Can’t sleep with it, can’t operate as a human being in the year of our lord twenty twenty-three without it.

Caffeine comes in a wide variety of sources, including tea, soda, and other terrifying processed drinks.

But today let’s focus on what Jack Aubrey’s friend Alexander von Humboldt called “concentrated sunshine”:

Coffee.

Two billion cups consumed every day.

An estimated 154 million adults (75% of the US population) report drinking coffee, and half of adults drink it every damn day.

Because of exactly how it works in our brains and how prevalent it is, coffee effectively rewrote humanity’s baseline consciousness.

“Don’t Talk to Mom Before Her Coffee” trinkets made Etsy what it is today, coffee fueled the Industrial Revolution, gave us confidence (and, seemingly) energy -- all conveniently harvested and laboriously produced on the backs of millions of slaves on the other side of the world.

The slavery is a little less now (and historically, a blip compared to sugar plantations), but the brutal conditions remain -- and it’s getting hotter every day.

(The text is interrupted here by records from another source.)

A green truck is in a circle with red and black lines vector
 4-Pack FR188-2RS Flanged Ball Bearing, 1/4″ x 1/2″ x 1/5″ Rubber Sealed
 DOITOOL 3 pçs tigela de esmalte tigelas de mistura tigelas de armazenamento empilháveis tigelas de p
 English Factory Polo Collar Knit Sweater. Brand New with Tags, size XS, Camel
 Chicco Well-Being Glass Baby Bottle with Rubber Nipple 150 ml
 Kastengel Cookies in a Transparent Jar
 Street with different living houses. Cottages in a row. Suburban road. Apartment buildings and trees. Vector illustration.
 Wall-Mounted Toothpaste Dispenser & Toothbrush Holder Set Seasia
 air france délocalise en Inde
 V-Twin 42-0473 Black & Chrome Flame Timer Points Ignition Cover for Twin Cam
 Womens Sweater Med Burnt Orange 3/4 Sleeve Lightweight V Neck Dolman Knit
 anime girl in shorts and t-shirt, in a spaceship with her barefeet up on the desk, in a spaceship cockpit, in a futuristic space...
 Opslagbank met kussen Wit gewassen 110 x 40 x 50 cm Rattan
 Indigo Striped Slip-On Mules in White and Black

Can coffee, the world’s second-most consumed beverage (after water, the other liquid we can’t operate without), survive climate change?

From what we can tell, which isn’t much, the Chinese have been drinking tea for a very long time, maybe since the 200’s AD.

Coffee seems to have gotten its start a thousand years or so later in East Africa and across the Silk Road and Red Sea to the Arabian peninsula. It’s probably not coincidental that Muslim scholars relied on it to, you know, invent math.

“(Coffee) seemed to be tailor-​made for a culture that forbade alcohol consumption and gave birth to modern mathematics”.

- Wolfgang Schivelbusch

I’m not kidding. The word “algebra” is derived from the Medieval Latin, from Arabic “al-mukhtasar fi hisab al-jabr wa al-muqabala”. Al jabr seems to translate to “reunion of broken parts”, which is also not coincidentally what happens to my wife every morning when pry open her eyes and deliver her a hot coffee with an extra shot of espresso tucked right inside.

Alcohol, as those Muslims scholars could tell you, is a nightmare. More on that later.